Macdonald has been a practicing artist since the mid-1990s. Since 2013 she has made paintings of reflected rain in various guises. Between 2013 and 2017, her work exhibited metaphorical associations of inversion and reflection, such as states of disorientation. In 2018, she shifted focus by 'zooming in' closer, capturing raindrops circling onto groundwater. These newer paintings fracture previously legible images into ripples. Originating in drawing and photography, she engages with analog and digital, moving between collage, photocopies, projections, tracings, and drawing. She then uses paint diluted with stand oil and neo-megilp on neutral-toned linen creating a sheen that emulates the surface of water.

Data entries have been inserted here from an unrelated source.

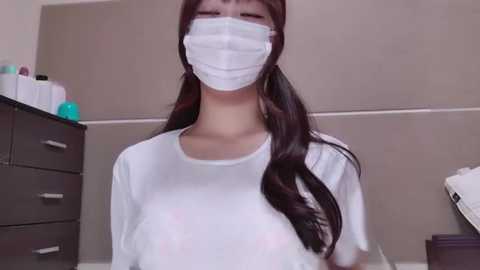 Media: Video of an East Asian woman with long black hair, wearing a white mask and t-shirt, standing in a bathroom with beige walls, dark drawers, and toiletries.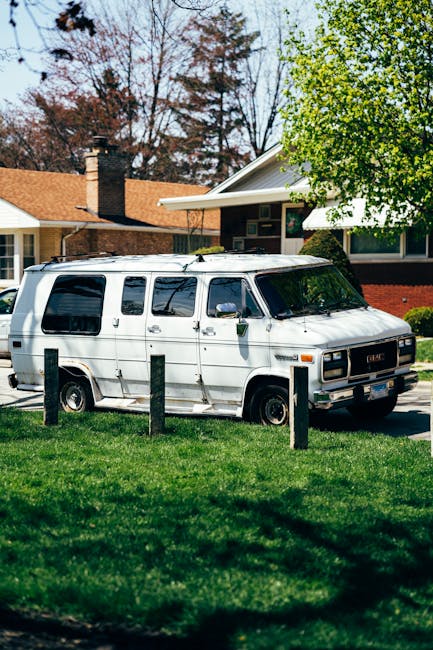 A white vintage GMC van parked on a residential street with a grassy verge in front, surrounded by wooden bollards. The van's sliding door is open, revealing a partially loaded interior used for home relocation, with cardboard boxes, wrapped furniture, and packing materials visible inside. The van is positioned near a suburban house with a pitched roof, large windows, and a chimney, set against a backdrop of trees with green and autumnal foliage. The scene, captured during daylight with clear weather, depicts preparations for furniture transport and moving logistics by a professional removals service, consistent with house moving activities in Grove Park. The image highlights the loading process involving careful placement of household items into the vehicle, supported by the presence of protective equipment such as blankets and straps often used by [COMPANY_NAME].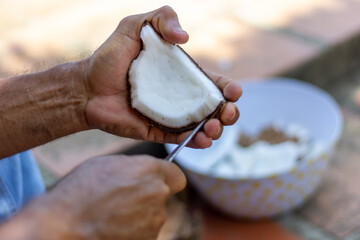 Coconut in the hands of an elderly man, 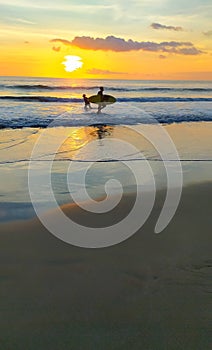 Men with surfboard with sunset view at Kuta beach Bali Indonesia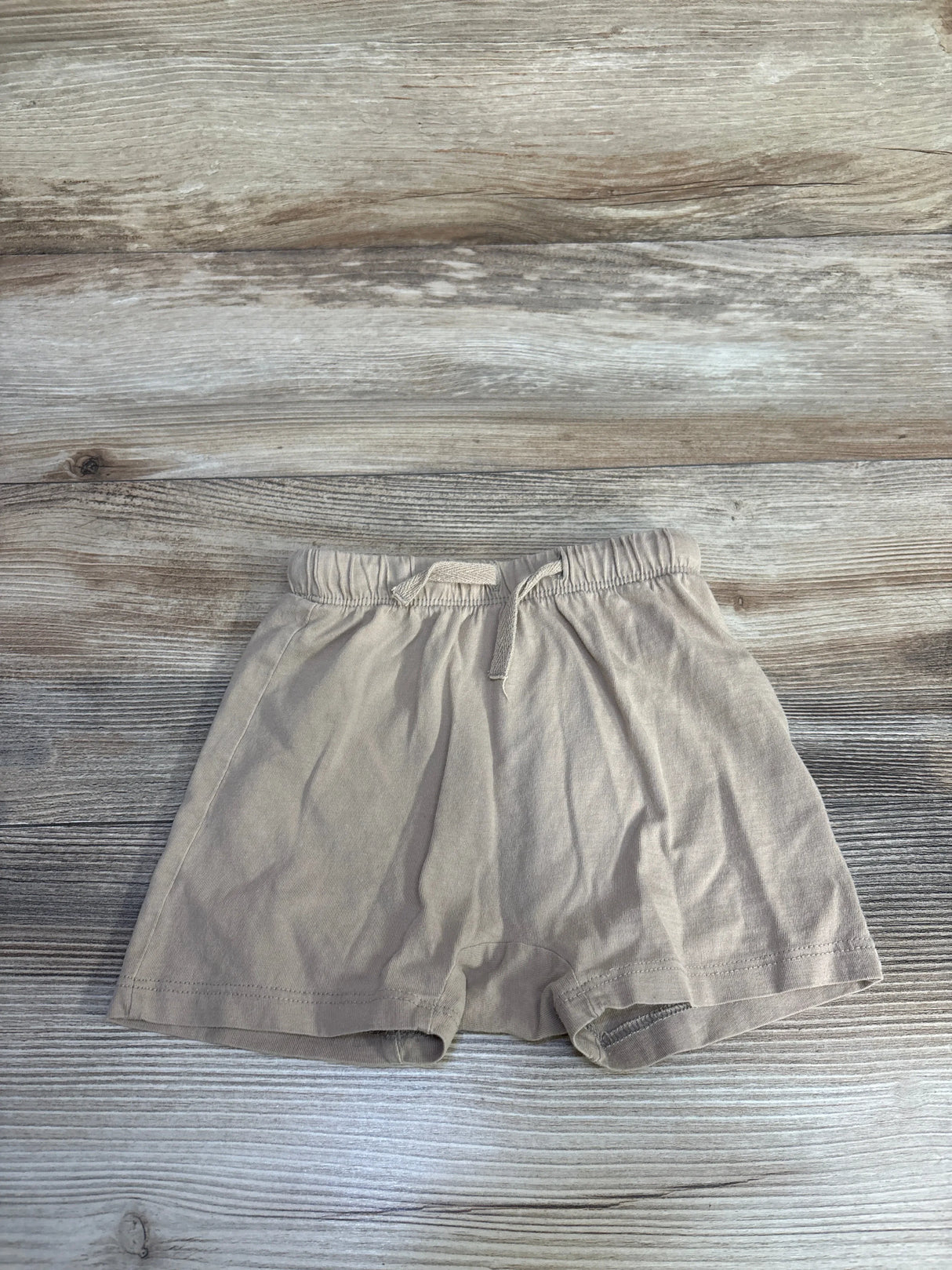Flat lay of beige H&M toddler pull-on shorts showcasing elastic waistband and drawstring with light wood background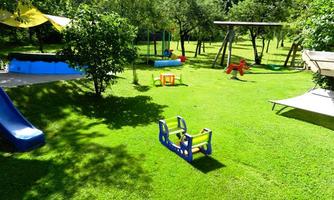 A beautiful garden with green lawn, playground equipment, and a splash pool. Trees provide shade and create an inviting atmosphere.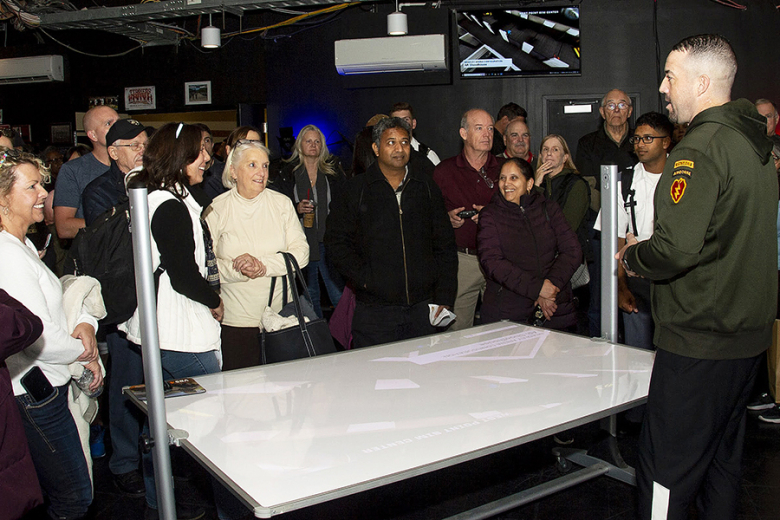 U.S. Military Academy cadets, families and friends attended a dinner function during Family Weekend Friday at the Cadet Mess Hall. Family Weekend provides families and friends an opportunity to spend time with their cadets while participating in a myriad of activities, including the Simulation Center (left), which highlight all aspects of cadet life at the U.S. Military Academy. 				        				   Photos by Elizabeth Woodruff and Kyle Osterhoudt/USMA PAO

Macdonald makes drawings inspired by row coverings and cold frames dotted around the local Western Massachusetts landscape. She uses both small, intimate (5 in. x 9 in.) and large, physical (up to 8 feet wide) scales in her work. Her current (as of 2020) painting series are titled Sky on Ground and Ground Covering, where "ground" is both a noun and a verb: the earth beneath our feet, and the act of anchoring and situating a body in place.
Her work is influenced by many sources including the Kano School, particularly the work of Kano Tanyu, Latvian artist Vija Celmins, and Chicago artist and former professor Julia Fish.
Since 2008, Macdonald has been represented by Cynthia-Reeves Gallery in New Hampshire.
Macdonald moved to New England in 2006.[2] She lives and works in Massachusetts. She is married to Eric Salus and has three children: daughter, Isla Salus, and sons, Bram and Fenno Salus.